Balai dance (Malay: Tarian Balai, Terengganu Malay: Tariang Bala/Ula) or Ulai dance is a traditional Malay dance originated from what is now the district of Hulu Terengganu in the state of Terengganu, Malaysia. It is performed usually by women during the harvest season (Musim Menuai) as a way to appease the spirits of paddy crops for this year's harvest and to seek bountiful harvests for the next season.

== History ==
Origins of Balai dance remains largely unknown as stories regarding the dance is mainly based on oral history. Based on local accounts, the dance were first started more than 300 years ago by two farmers by the name of Tok Senik and Tok Jambul from Kampung Bukit Gemuruh in Hulu Terengganu. One day, when Tok Senik was singing her daughter to sleep, she heard a voice that reciprocates her lullaby and this continues even when she continued working in the paddy fields as she recites poems.

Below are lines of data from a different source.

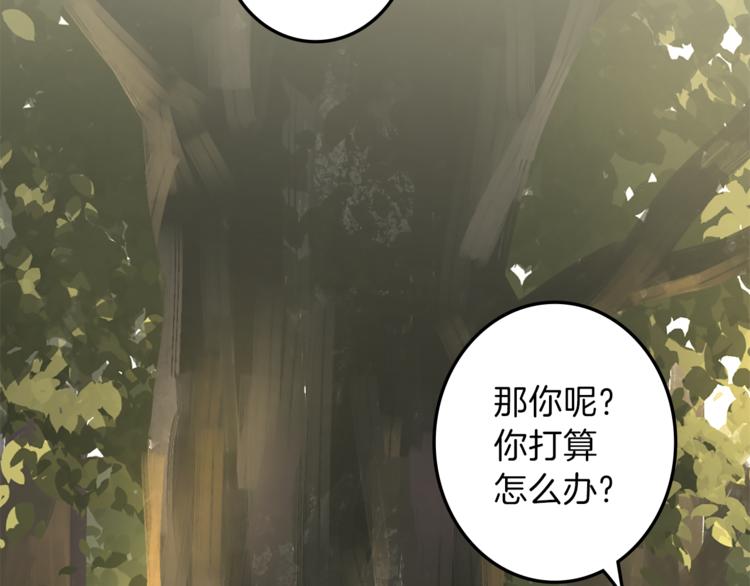 《丝绸与荆棘被诅咒的王子》第29话 魔法导师 第19页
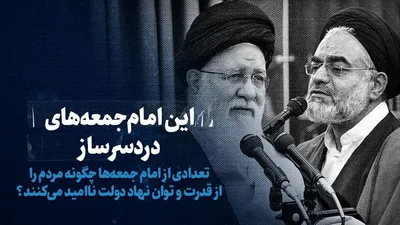 تماشا کنید: این امام جمعه‌های دردسرساز/ تعدادی از امام جمعه‌ها چگونه مردم را از قدرت و توان نهاد دولت ناامید می‌کنند؟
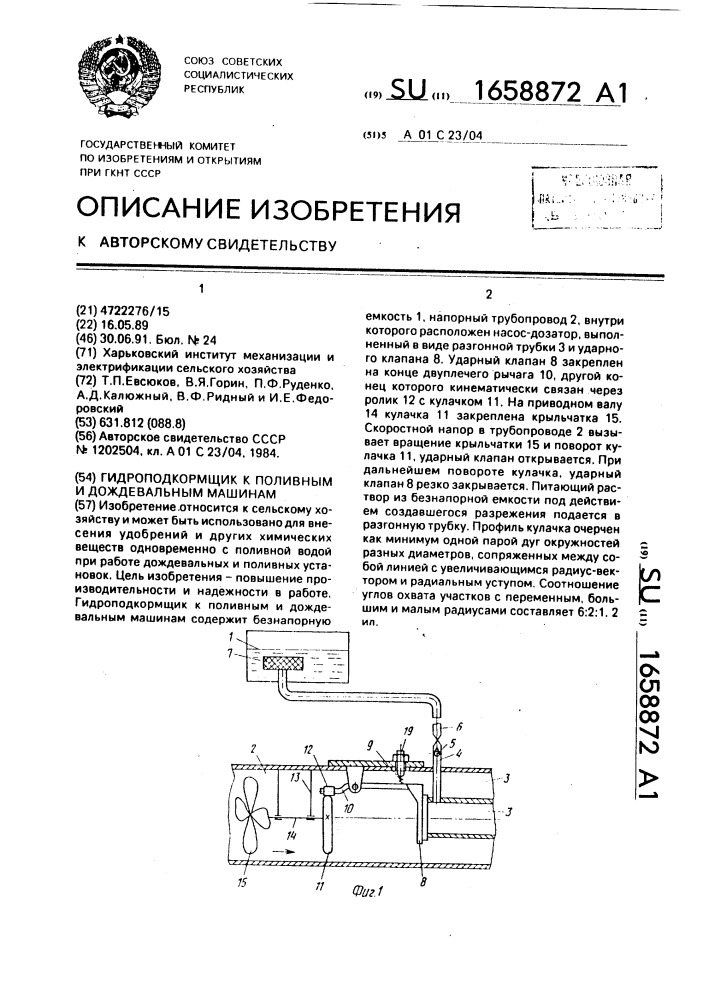 Гидроподкормщик к поливным и дождевальным машинам (патент 1658872)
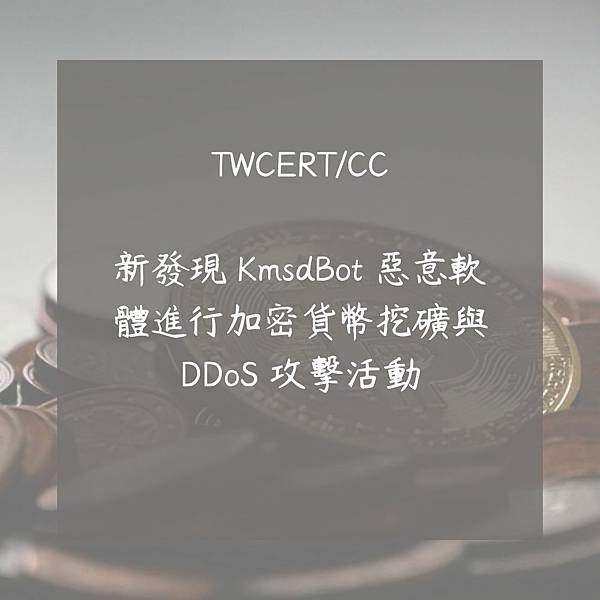 新發現 KmsdBot 惡意軟體進行加密貨幣挖礦與 DDoS 攻擊活動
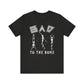 "Bad to the Bone" Distressed Halloween Teacher T-shirt - Teacher Care Crate - T-Shirt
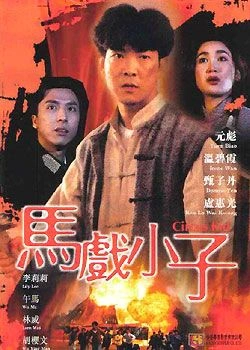 비각칠 2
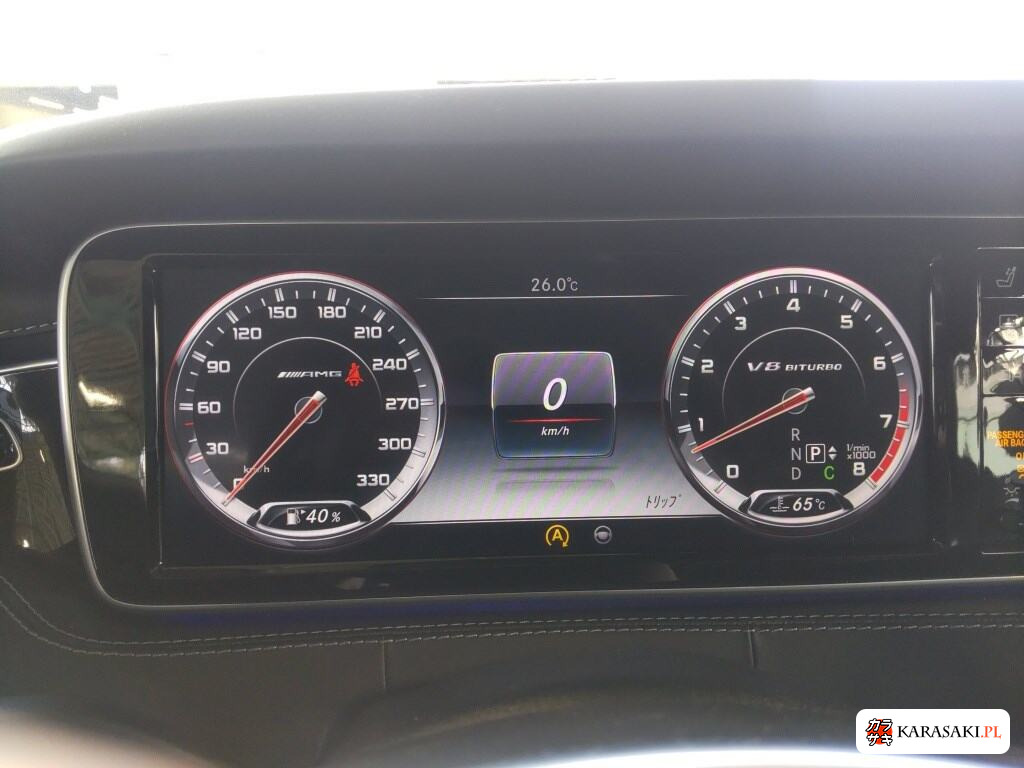 2015 Mercedes-AMG S-Class CP 4WD 6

Her husband Tok Jambul also experienced the same thing as one day while he was sleeping, a mysterious man appeared in his dream telling him that a group of jinns wanted to have fun with his wife. In order for the jinns to not disturb his wife, the man instructed Tok Jambul to stick several pulai trees and splash tepung tawar unto it. After the incident, the jinns no longer disturb his wife and the harvest becomes bountiful. Tok Senik and Tok Jambul continued the tradition until it became the Balai dance.

== Description ==
The dance involves a number of local village women which would gather around a pulai tree and an umbrella-like structure called Balai (originally called Payung Buoh or Fruit Umbrella) which is decorated with colourful smaller umbrellas, clothes and leaves. These women would dressed in a typical farming clothing and brought farming tools with them, then they would dance around the Balai based on movements relating to farming such as plowing the land, pounding rice and tiling farms while singing songs or chanting poems (pantun) which contains not only about paddy and to appease paddy spirits but also advice and examples. The dance accompanied by two drums and a gong usually done by male musicians. Before the dance ends, they will plough a small pulai tree from its place and put it beside the Balai.

Modern contemporary versions of Balai dance usually includes male dancers dancing alongside female dancers and no longer limited to dancing at the paddy fields. The dance has evolved into more of a cultural dance instead of worshipping ceremony.